I have two hvac units. And both have had problems this week.

Unit #1, it cools but makes a squealing sound. Is it bad to run it when it's like that? It's been over 100 degrees...

Unit #2, stopped cooling yesterday but will blow air. We checked the circuit breaker and also the box on the wall next to the unit. When we turn the air on, the fan does not move and I can feel heat coming from the bottom of the unit. Fan does move when we touch it. 

Your help is appreciated!
Thank you!


----------



## itistoohot (Aug 26, 2011)

House was built in 2005...so the units shouldn't be that old.


----------



## hvactechfw (Aug 26, 2011)

Unit 1 - do not run it while it is making loud noise.... IF you can't pinpoint the noise call a Pro.

Unit 2 - Sounds like a bad capacitor


----------



## itistoohot (Aug 28, 2011)

where can i find the capacitor?


----------



## hvactechfw (Aug 28, 2011)

electrical compartment in the outdoor unit.


----------



## itistoohot (Aug 28, 2011)

thank you. and i know the squealing is coming from the unit outside. just not sure exactly where...how can i figure it out?


----------



## JackMason (Aug 29, 2011)

What are the models of your units?
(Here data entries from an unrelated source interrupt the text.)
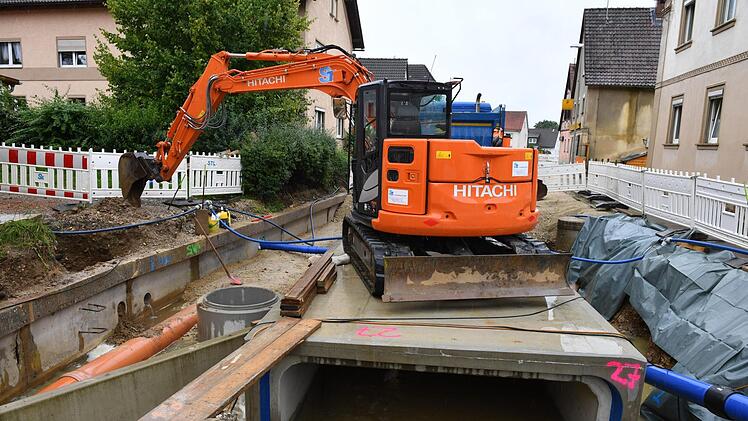Arbeiten an dem verrohrten Pünzenbach in Straßgiech, deswegen ist der Ort nicht passierbar.Foto: Ronald Rinklef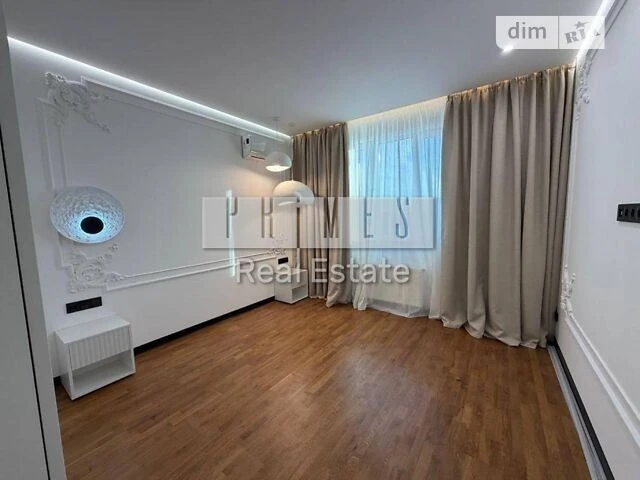 Sale of 3-room apartment 87.8 sq. m. on Yuliya Zdanovskaya Street 28 •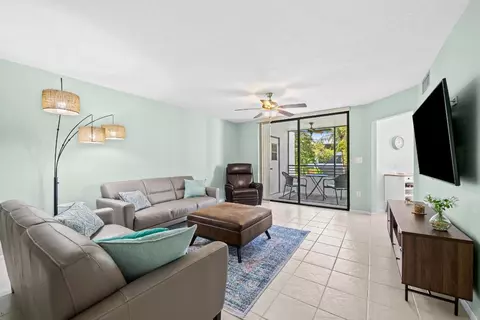 1470 Sheridan #16C, Hollywood, FL 33020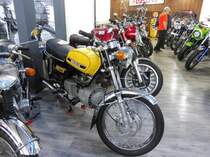 Hercules W2000, gebaut von 1974 bis 1979. Da dieses Motorrad mit einem Kaufpreis von DM 4535,00 sehr teuer war, wurden während der sechsjährigen Produktionszeit lediglich 1830 Fahrzeuge verkauft. Der gebläsegekühlte Wankelmotor mit drei Kammern hat ein Kammervolumen von 294 cm³ und leistete 27 PS. Mopedmuseum Oberhausen im September 2019.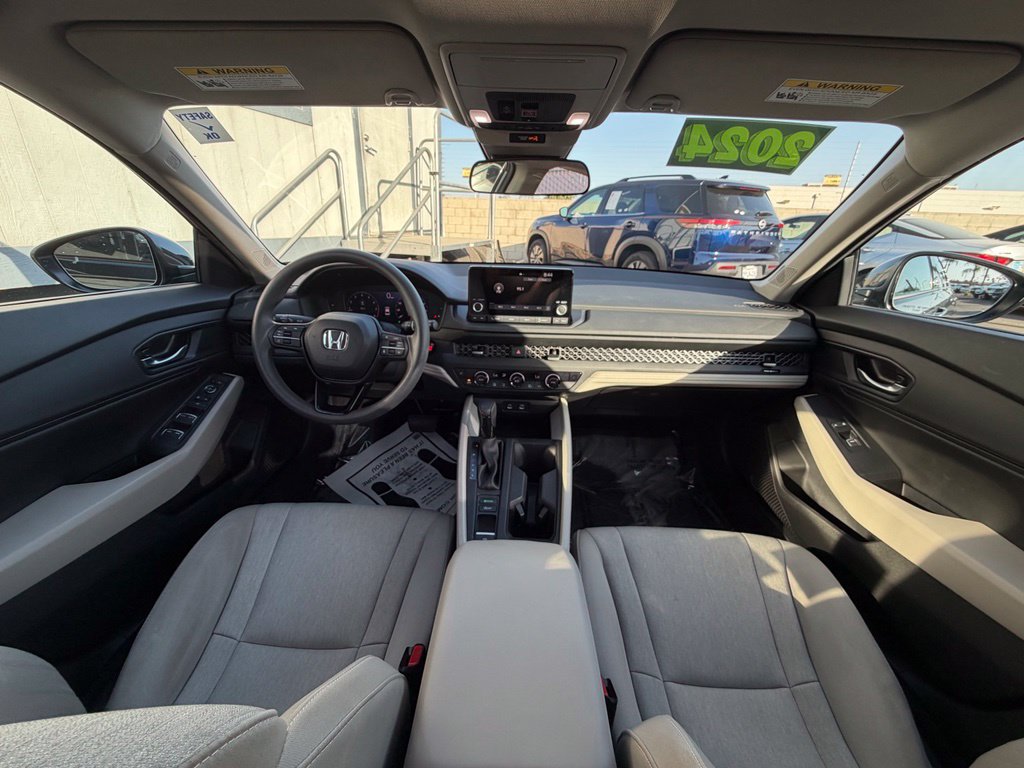 Used 2024 Honda Accord EX image 14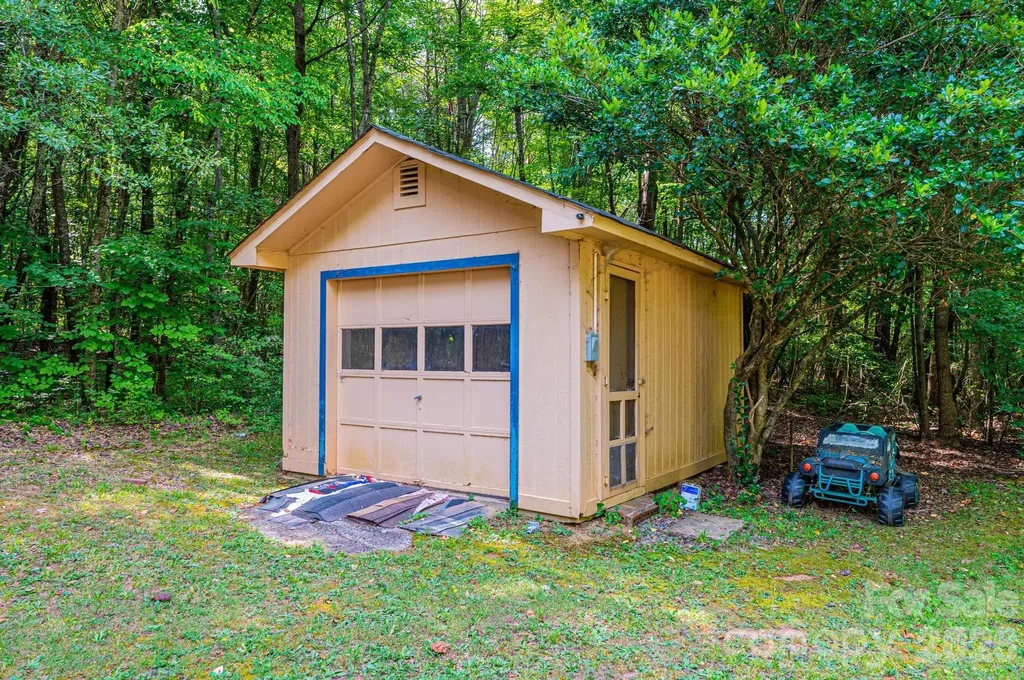 1113 Ponderosa Road Lincolnton NC 28092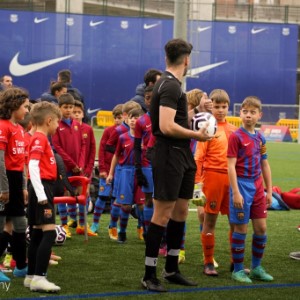 Ein Ausbildner des FC Glattbrugg am Barça Academy World Cup 2022 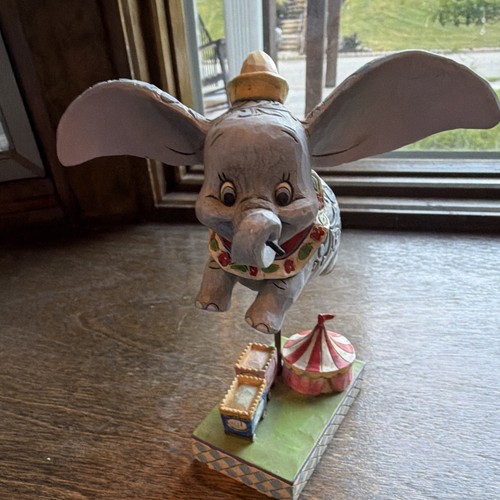 Walt disney showcase - walt,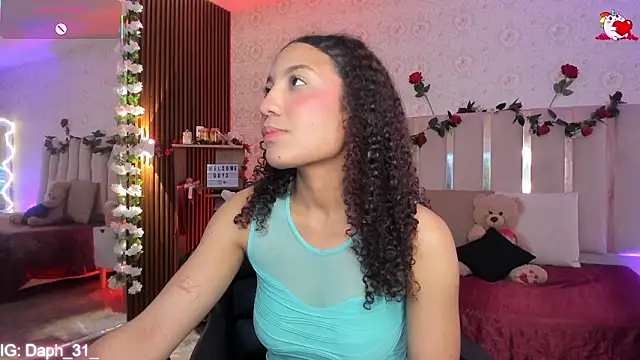 Daphnne tay online show from March 11, 3:23 am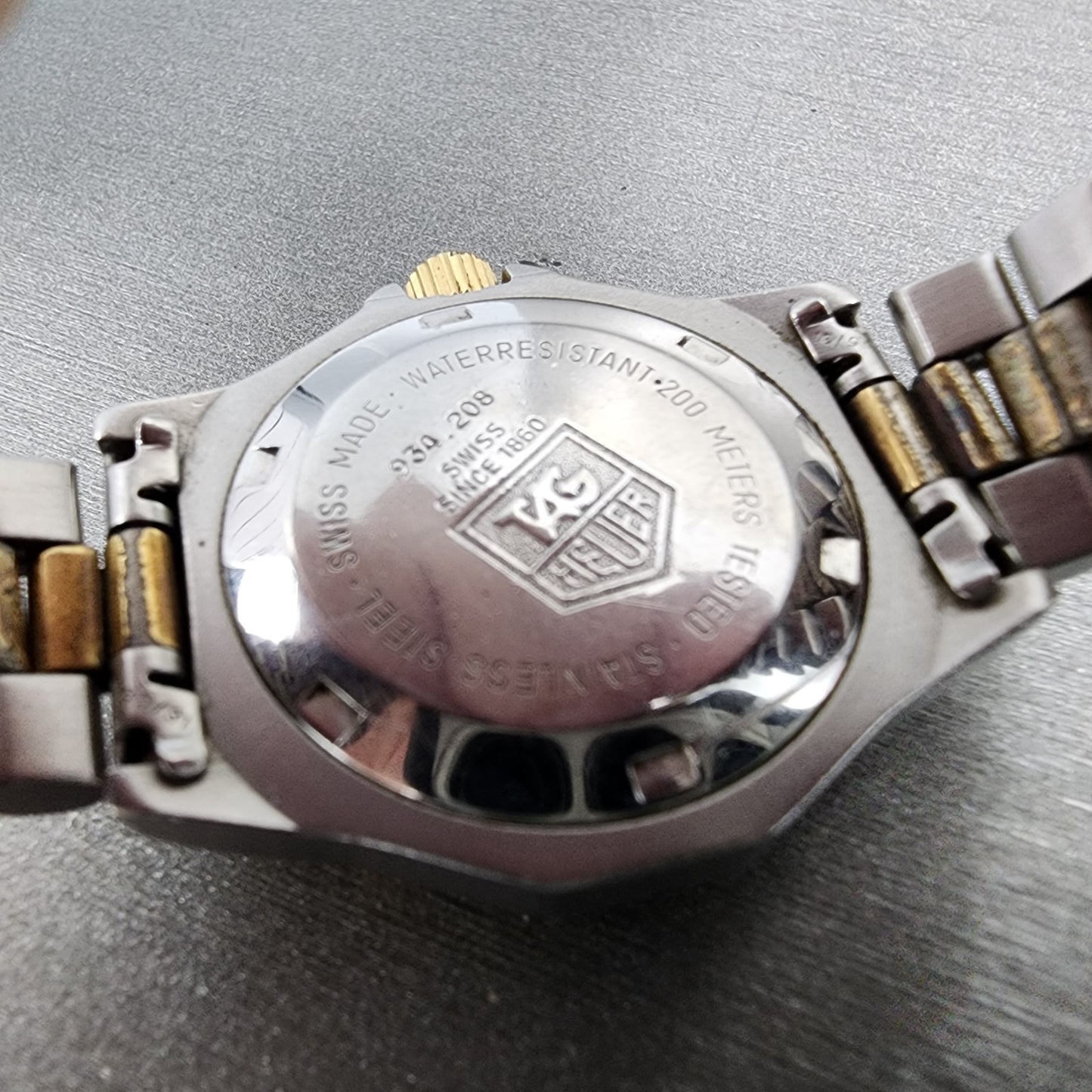 Tag Heuer Professional Dive Watch Women 28mm Gray Dial Two Tone Date New Battery9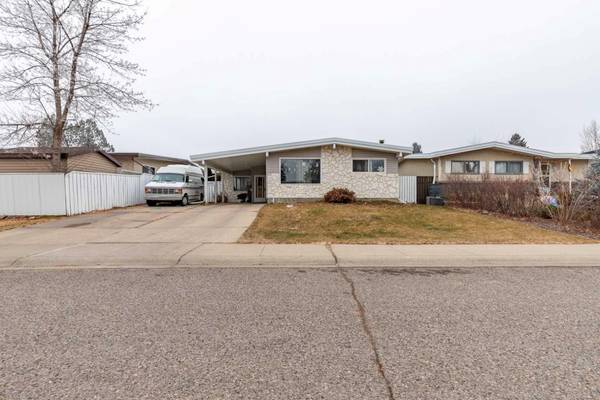 1910 Lakepoint RD South, Lethbridge, AB T1K3H6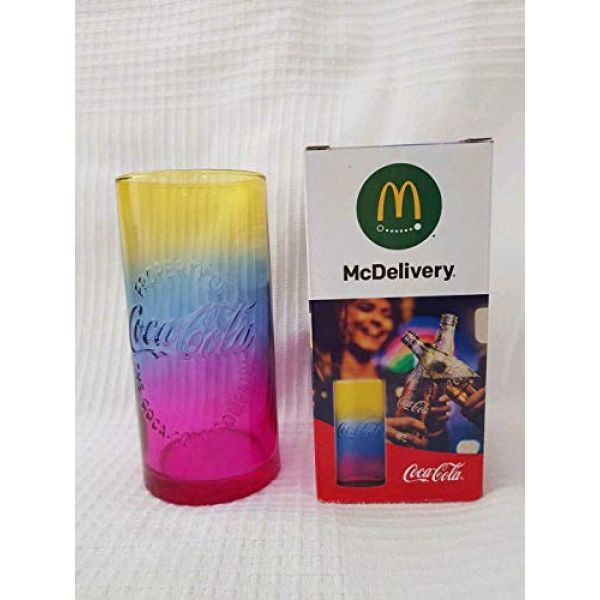 Trinkglas in knallbunter Regenbogen-Optik von Coca-Cola & McDonald´s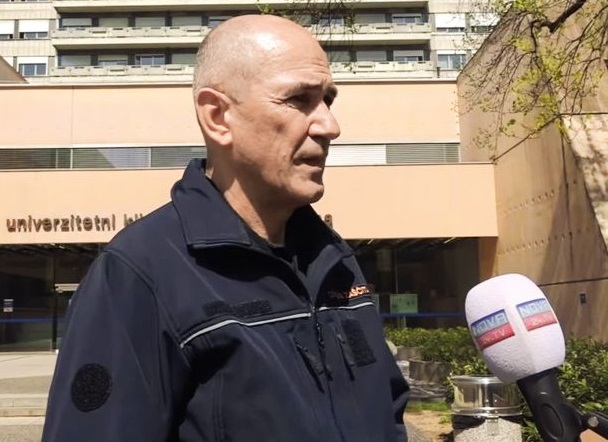Predsednik SDS Janez Janša pred mikrofonom Nove24TV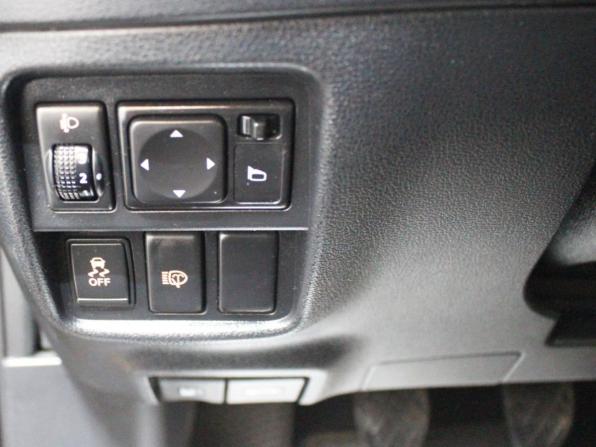 Nissan Juke I с пробегом 2013 года, цена 1 040 000 рублей, 136737 км, внедорожник, Автокод Объявления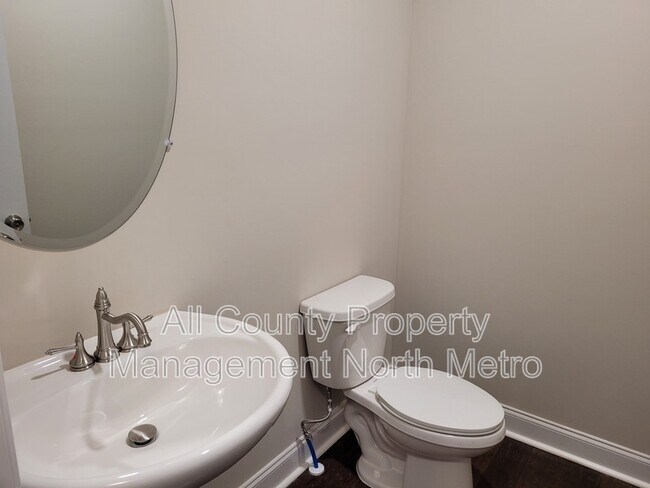 Building Photo - 4890 Wil Ray Ln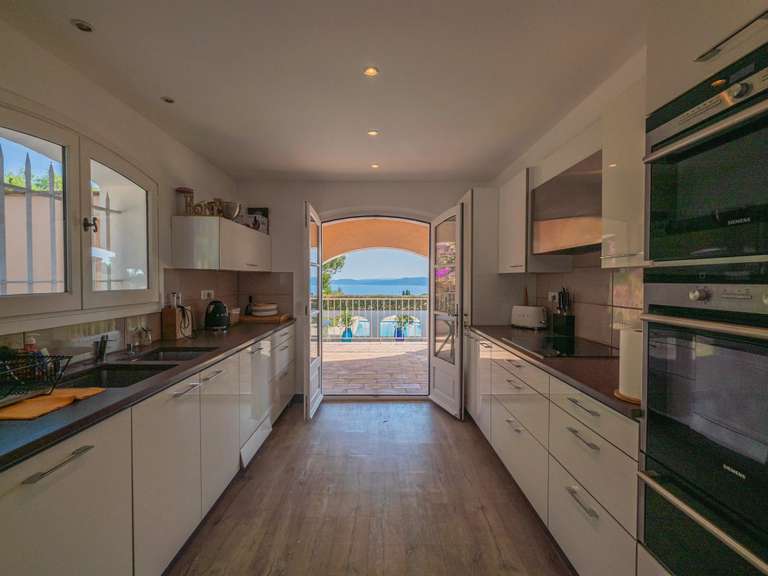 Maison Sainte-Maxime - 4 chambres - 233m²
I can try to help if you provide additional info, but your best bet is to have a couple contractors look at it. You can use Service Magic, Quality Smith, or Angie's List to find some decent local folks.


----------



## itistoohot (Aug 29, 2011)

38CKC042340-the squeally one

38CKC048370- no cold air and no fan movement


----------



## itistoohot (Aug 29, 2011)

just looked at the capacitor and it looks ok...


----------



## itistoohot (Aug 29, 2011)

http://www2.snapfish.com/snapfish/s...otsc=SHR/otsi=SPIClink/COBRAND_NAME=snapfish/


----------



## itistoohot (Aug 29, 2011)

Snapfish: Share Photo:Registration


----------



## itistoohot (Aug 29, 2011)

Thank you all for you help! I had a repairman come out this morning. Said Unit 1 with the squealing is a bad compressor. $1500 for a new compressor. He recommends a whole new unit at $1995. Do those prices sound right? It is a 3 1/2 ton carrier ac unit.

Unit 2 was a bad capacitor! You were right! He wanted to charge me 220 to fix it. I said no. Found it online for under 30.


----------